The second metal element includes one or more selected from, for example, Co, Ni, Mo, W, V, Cr, and Nb. From the viewpoint of the substitutability with the first metal element, it is preferable that the second metal element has a small difference in ionic radius from the first metal element. Accordingly, the second metal element includes one or more selected from Co, Ni, and Nb. Co, Ni, and Nb have a small difference in ionic radius from Zr and Hf. The second metal element illustrated in FIG. 3C is Co.
The metal solution is, for example, an aqueous solution of an inorganic acid salt containing the second metal element. The inorganic acid salt is not particularly limited, but is, for example, sulfate, nitrate, or nitrate.
The metal solution may include an organic solvent having an excellent hydration property to improve the wettability with the high-dielectric film 13. As for the organic solvent, for example, IPA or acetone is used. By improving the wettability of the metal solution, the rate for substituting the first metal element contained in the high-dielectric film 13 with the second metal element contained in the metal solution may be improved.
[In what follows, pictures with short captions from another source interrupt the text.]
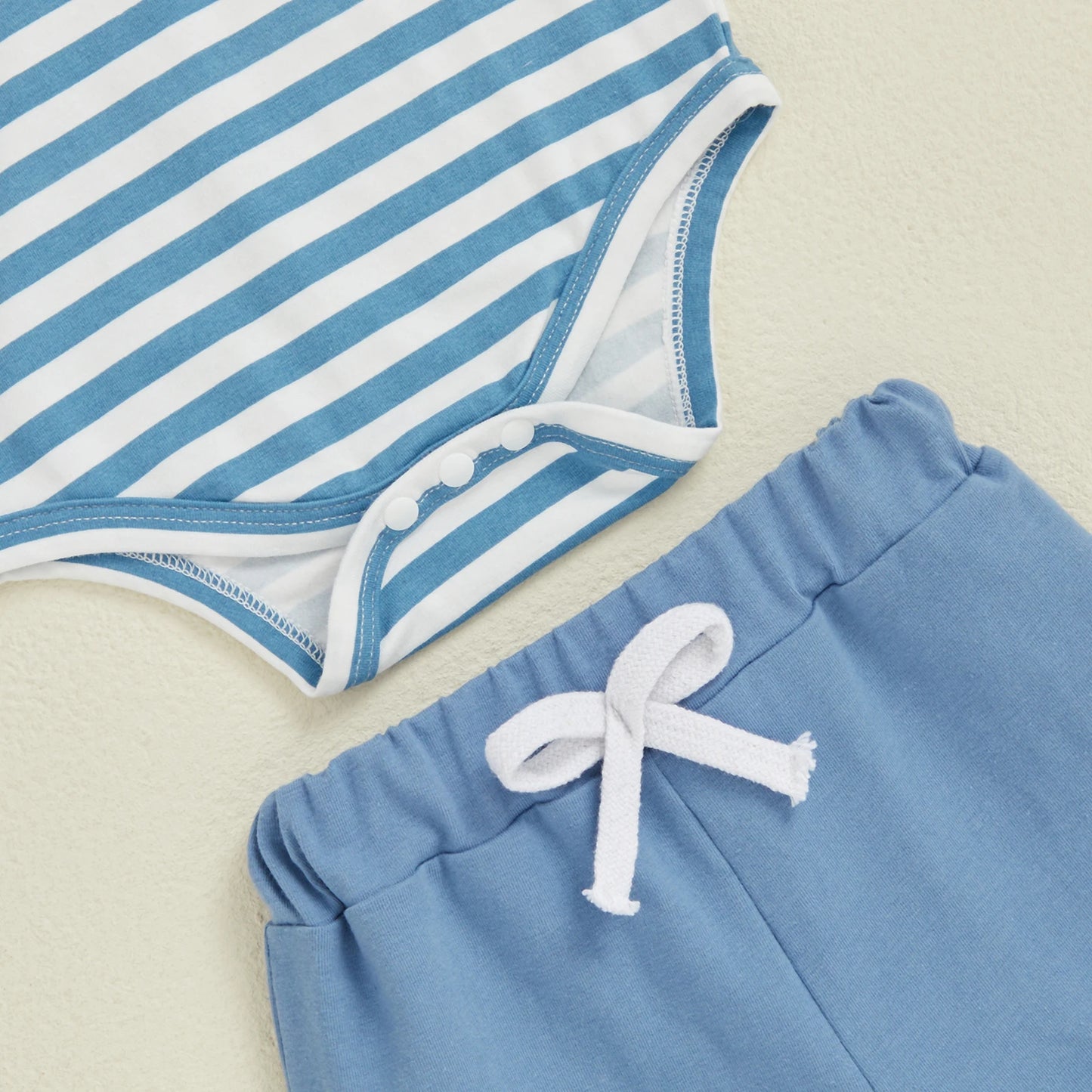 Jungen Baby-Set 0–24 Monate, Kurzarm – Set aus 2 Teilen: Body und kurze Shorts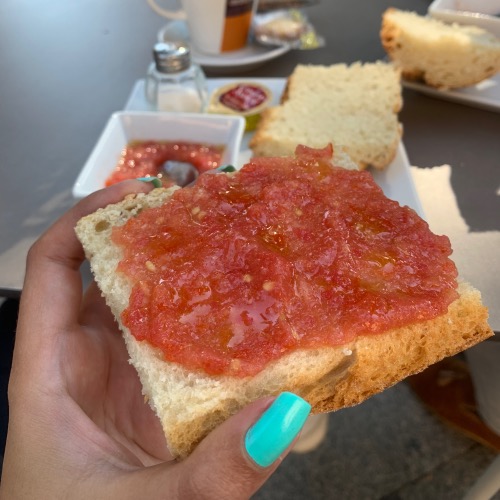 Le pan con tomate espagnol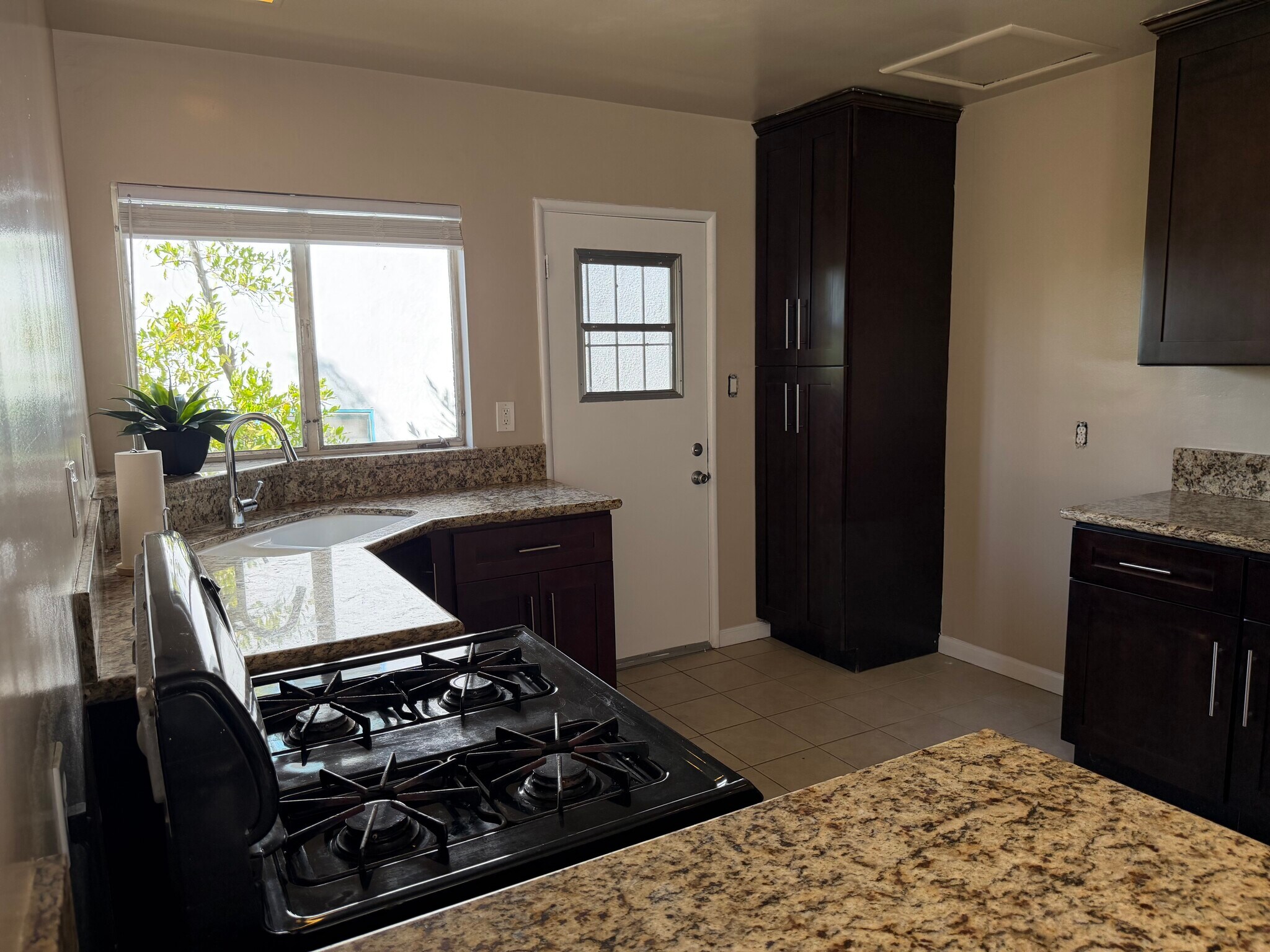 Kitchen - 1442 Verd Oaks Dr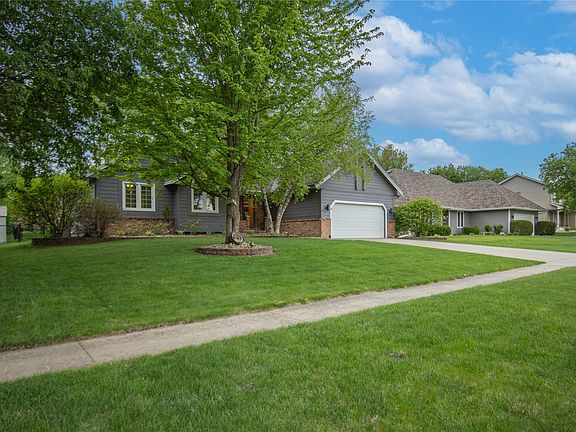 2nd image of 1114 NW Parkridge Dr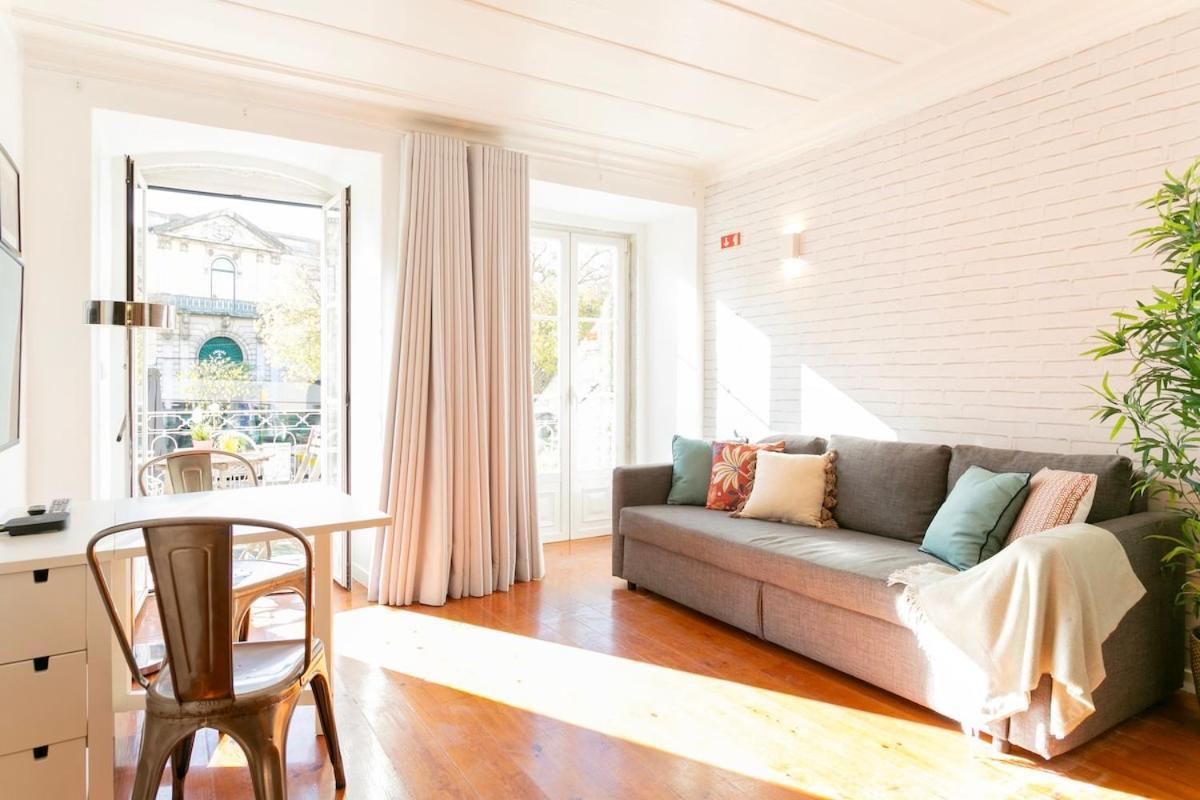 Cozy Flat With Bright Balcony Trendiest Neighborhood! Lisbon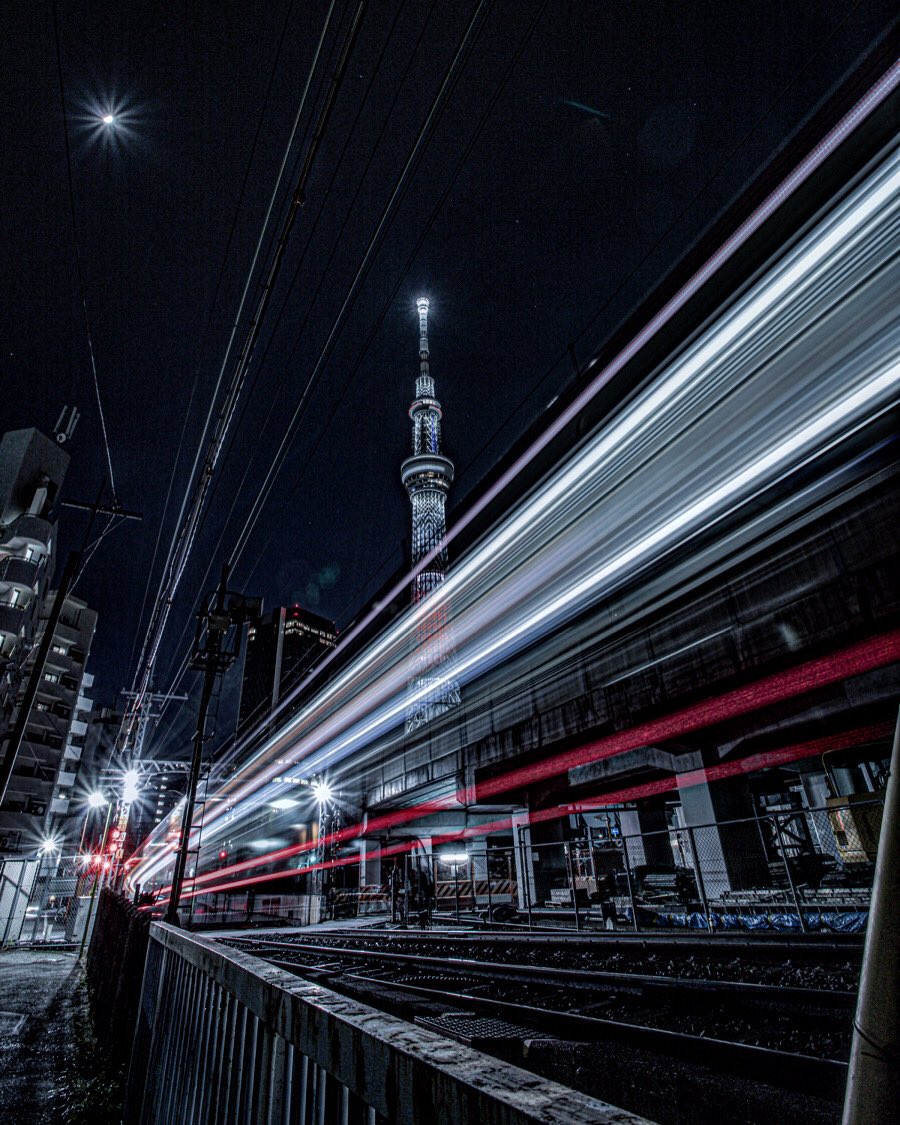 今年初のスカイツリー

#スカイツリー 
#レーザー 
#夜景 
#ファインダーの越しの私の世界 
#カメラ好きな人と繋がりたい 
#写真好きな人と繋がりたい 
#great_nightshotz 
#japan_nightview 
#tokyocameraclub 
#canonphotography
Step S103 above includes, for example, ejecting the metal solution from the nozzle disposed above the substrate 10 onto the surface of the high-dielectric film 13, in a state where the substrate 10 is held horizontally with the high-dielectric film 13 facing upward, to form the liquid film of the metal solution. At that time, the substrate 10 may be rotated. Further, the nozzle may scan the substrate 10 in the radial direction. The nozzle may be a two-fluid nozzle, and may supply a mist of the metal solution to the substrate 10. The metal solution is recovered by the cup 26 (see FIG. 11 ).
Further, step S103 above may include immersing the substrate 10 in the metal solution stored in the processing tank. When the substrate 10 is immersed in the metal solution, a plurality of substrates 10 may be collectively processed.
Step S104 includes forming the doping layer 14, in which the first metal element has been substituted with the second metal element, on the surface of the high-dielectric film 13. As illustrated in FIG. 3D, the first metal element contained in the high-dielectric film 13 is substituted with the second metal element contained in the metal solution. As a result, the doping layer 14 is formed with a predetermined depth from the surface of the high-dielectric film 13. The doping layer 14 is a monolayer, and its thickness is, for example, one to five times the atomic radius of the second metal element. The doping that forms the monolayer is generally referred to as a monolayer doping (MLD).
As described above, the second metal element has the higher electronegativity or the lower valence than the first metal element. Accordingly, dipoles may be formed on the surface of the high-dielectric film 13 as illustrated in FIG. 4 . As a result, the Schottky barrier may be modulated as indicated by an arrow A1 in FIG. 5 , so that the flow of electrons indicated by an arrow A2 in FIG. 5 may be stopped. Accordingly, the leakage current may be reduced while suppressing the increase in film thickness of the high-dielectric film 13.
The surface density of the second metal element on the surface of the high-dielectric film 13 is, for example, 1×10 atoms/cm²or more and 1×10¹⁵atoms/cm²or less. The surface density of the second metal element is measured by a secondary ion mass spectrometry (SIMS), an inductively coupled plasma mass spectrometry (ICP-MS), or a total reflection X-ray fluorescence (TXRF) analysis method.
When the surface density of the second metal element on the surface of the high-dielectric film 13 falls within a desired range, a post-cleaning such as a rinsing may not be performed after step S104. When the second metal element is excessive, the post-cleaning is performed.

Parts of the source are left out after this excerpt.